Within weeks, Plaintiffs hired Global Client Solutions to help expedite the process. Id. at ¶12. Plaintiffs allege that they paid a $1,700.00 fee and that Global Client Solutions began corresponding with BOA on their behalf. Id. On December 1, 2009, Plaintiffs again called BOA and were informed that the bank would need a new hardship letter and further documentation. Id. at ¶13. Although Plaintiffs insisted that they had already provided the information, the representative informed them that they would need to re-send it and that BOA would take up to 45 days to review their file. On February 10, 2010, a BOA representative informed Plaintiffs that they had never received the requested documentation, despite Plaintiffs' alleged delivery confirmation receipt.

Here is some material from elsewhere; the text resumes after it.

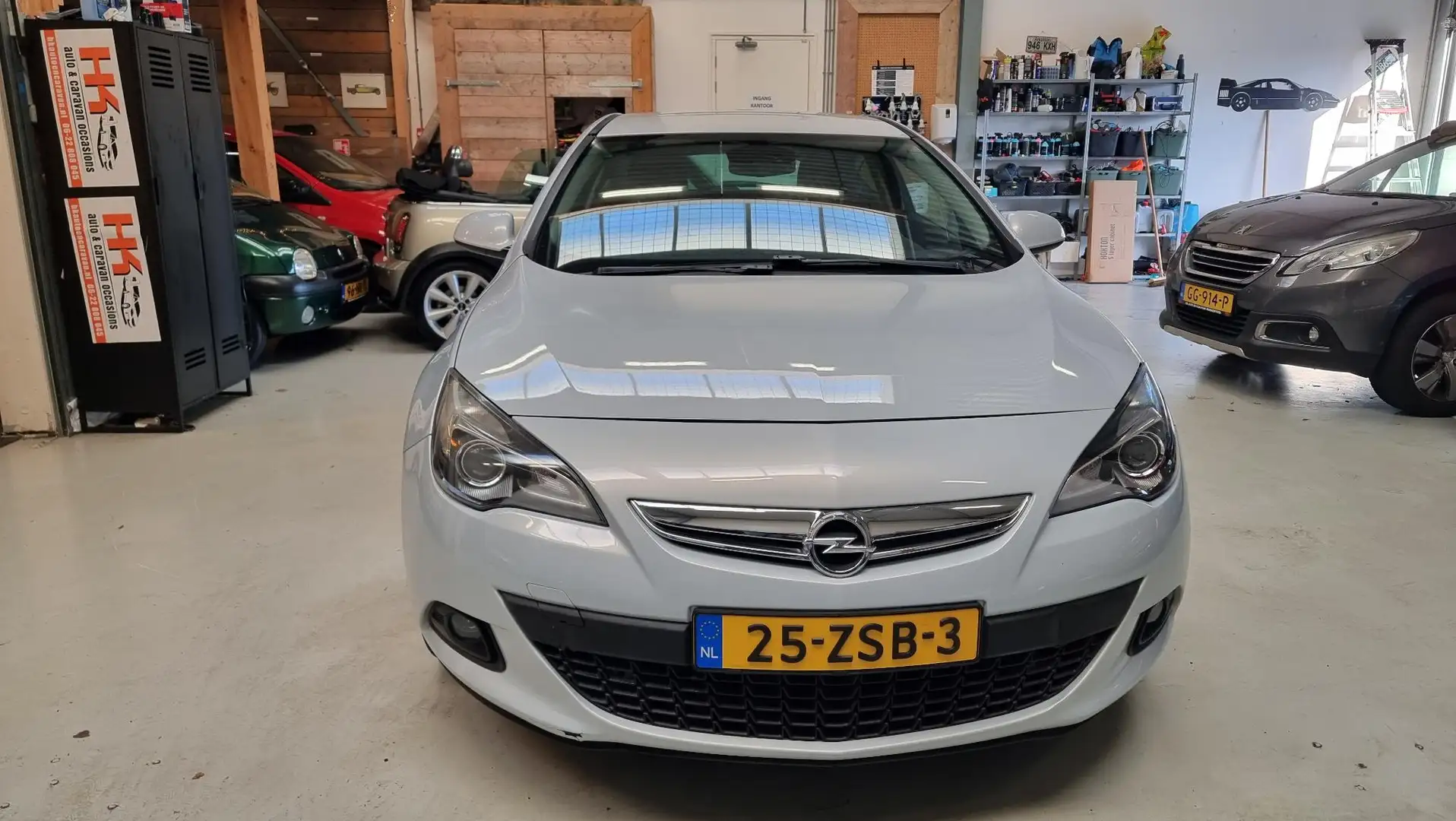 Opel Astra GTC 1.4 Turbo Sport Navi, Bluetooth, 19" LMV, Clim Weiß - 2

This back and forth continued for several months. See Id. at ¶¶16-24. On September 30, 2010, a BOA representative informed Plaintiffs that they were reviewed for a "special forbearance program" because they did not qualify for HAMP. Id. at ¶24. Plaintiffs allege that BOA violated HAMP requirements and protocols when it failed to notify them of their HAMP denial. Id. at ¶25. On December 7, 2010, a BOA representative informed Plaintiffs that they were approved for a modification at 4.87% fixed for 30 years and that their new monthly payment would be $1,907.00. Id. at ¶27. The representative allegedly told Plaintiffs that the paperwork would be sent out "shortly." Id. On January 4, 2011, a BOA representative informed Plaintiffs that their file was closed because the bank determined that they were not actually qualified for the modification offered. Id. at ¶30.
On May 26, 2011, Plaintiffs contacted BOA and were told to submit additional documentation. Id. at ¶33. After submitting the information and having several conversations with BOA representatives, on June 20, 2012, Plaintiffs' attorney was informed that Plaintiffs did not qualify for modification because of their more than twelve month arrearage. Id. at ¶68. Plaintiffs' attorney was further informed that Plaintiffs' only options were to surrender their home via deed in lieu of foreclosure, or pay BOA over $10,000 by the end of the month and submit new information for a new review for modification. Id. at ¶69. Plaintiffs allege that BOA has since referred their file to foreclosure counsel. Id. at ¶70.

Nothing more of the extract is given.